The Monkey, 2025.
Written and Directed by Osgood Perkins.
Starring Theo James, Elijah Wood, Tatiana Maslany, Rohan Campbell, Christian Convery, Adam Scott, Sarah Levy, Colin O’Brien, Zia Newton, Kingston Chan, Osgood Perkins, Laura Mennell, Corin Clark, Danica Dreyer, Dianne Greenwood, and Beatrix Perkins.
SYNOPSIS:
When twin brothers Bill and Hal find their father’s old monkey toy in the attic, a series of gruesome deaths start. The siblings decide to throw the toy away and move on with their lives, growing apart over the years.
Death comes for us all, and it’s reasonable to have that fear, doubly so when a windup, drumming (that speeds up into a menacing rhythm), evil-grinning toy monkey has taken joy in traumatizing someone by repeatedly murdering members of their family by manipulating the environment to cause freak accidents. From writer/director Osgood Perkins and based on the short story by Stephen King, The Monkey isn’t just about that generational trauma but an overwhelming fear of death itself that one cuts themselves off from the rest of the family to ensure everyone’s safety and that they are not responsible if the dispatched, teleporting toy monkey returns to trim the family tree further.
Of course, Hal (Theo James) can’t mention this outright to his wife or young child Petey (Colin O’Brien), lest he be justifiably accused of insanity and tossed into a psych ward. There is a lengthy flashback prologue to him as a child alongside his identical twin brother Bill (both played by Christian Convery in 1999 and Theo James in the present day, each outstanding in dual roles playing polar opposite personalities of mannered and confrontational, polite and vulgar, introverted and extroverted) depicting family issues involving a runaway father, sibling strife, and schoolyard bullying while also setting the stage for what the titular toy monkey can do and where it comes from.
This, including the kills, which have less fanfare buildup than something like Final Destination and are more about the suddenness of death alongside the gleefully deranged ideas themselves, plays out as a dry, twisted comedy teaching the twins about the cruel nature of death at a young age; everyone dies, and that’s f***** up, as their mother (played by Tatiana Maslany) puts it. Death becomes so common that, at one point, Osgood Perkins smash cuts to yet another funeral as a hilarious gag. Of course, the film then doubles back to showcase another bizarre fatal accident. Still, one wishes there was a bit more suspense leading up to some of the kills, especially within a series grouped inside of an admittedly funny montage.

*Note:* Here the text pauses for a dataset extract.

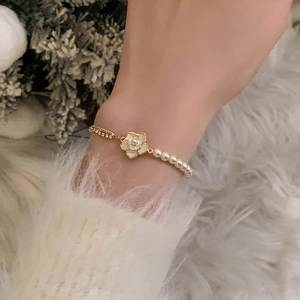 Detailed view of elegant camellia bracelet with pearls on a model wearing white sweater
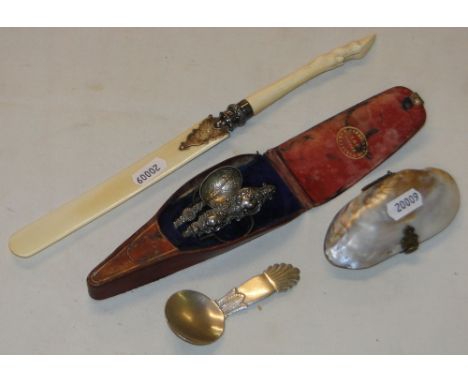 A mother of pearl purse, an ivory paper knife, cased manicure items and a caddy spoon.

The Monkey takes the above and mines it for “whelp, that’s life” humor. The most recent poster for it states that the film “is about twin brothers who discover a toy monkey that likes killing their family. There is outrageous violence, shocking gore, and unspeakable tragedies”. It then delivers a kicker that, for Osgood Perkins, “it’s pretty f***** funny.” No lies detected. The Longlegs filmmaker is subverting what one would expect from a Stephen King adaptation (trading pure, heart-racing horror for something droll and almost defeatist in attitude while using the kills themselves as perfectly gratuitous punchlines) and his usual slow-burn pacing, with such a firm handle on this deadpan tone that he also knows how to weave in some unexpectedly moving pathos.

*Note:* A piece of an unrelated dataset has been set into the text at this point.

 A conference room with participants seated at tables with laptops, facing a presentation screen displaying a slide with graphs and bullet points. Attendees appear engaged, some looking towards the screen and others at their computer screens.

When Hal is telling a checked-out co-worker that he has taken time off work so that he can spend time with his previously mentioned son Petey, whom he willingly chooses only to see once a year, also explaining that this is not his wife’s doing or the dynamic of a marriage plummeting south into nonspeaking terms, it’s amusing due to the absurd nature of the conversation, but also sad considering the circumstances behind the situation. Then, when Hal is with Petey, that repressed love is unmistakably within, terrified to express it due to what would happen if the toy monkey from his childhood returned. To make those emotional underpinnings resonate in what is essentially a series of pleasantly demented kills that are either creative (even golf courses are not safe) or overcome a sense of the familiar through exaggerated bloodshed and gore (hilarious death by electricity) is admirable, showcasing that as sickly entertaining as death is here, there is more on the film’s mind.

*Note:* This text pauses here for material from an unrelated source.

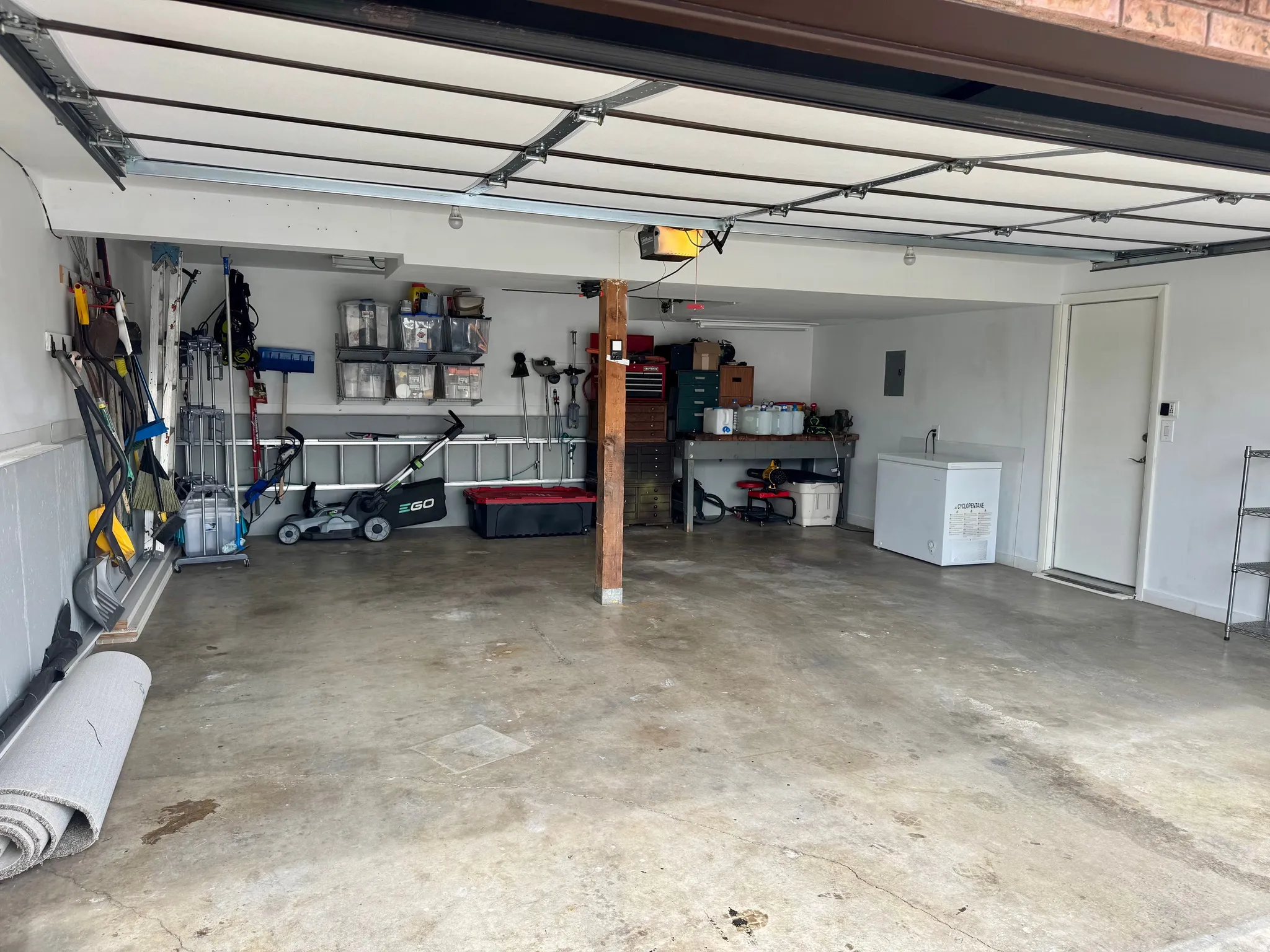 Garage featuring a garage door opener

Some of that is messily tied together, working with running themes of deadbeat fathers, grief, family turmoil, and, of course, the overbearing inevitability of death scaring one away from living life. The characters in the know can technically breathe a small sigh of relief, knowing that the monkey will not choose someone at random to kill (it also doesn’t grant wishes) unless it is wound up. While the monkey causes the inexplicable freak accidents, some characters wind each other up before it unleashes death. To be fair, this film also comfortably beats one over the head with its metaphors and messages, which can be a bit bothersome but doesn’t necessarily negate the cruelly fascinating allure.
The Monkey is a bonkers black comedy with a black heart; it is more moving than it has any right to be, yet fittingly fueled by rapturously refreshing deaths that illustrate a depressing, unavailable reality of existence.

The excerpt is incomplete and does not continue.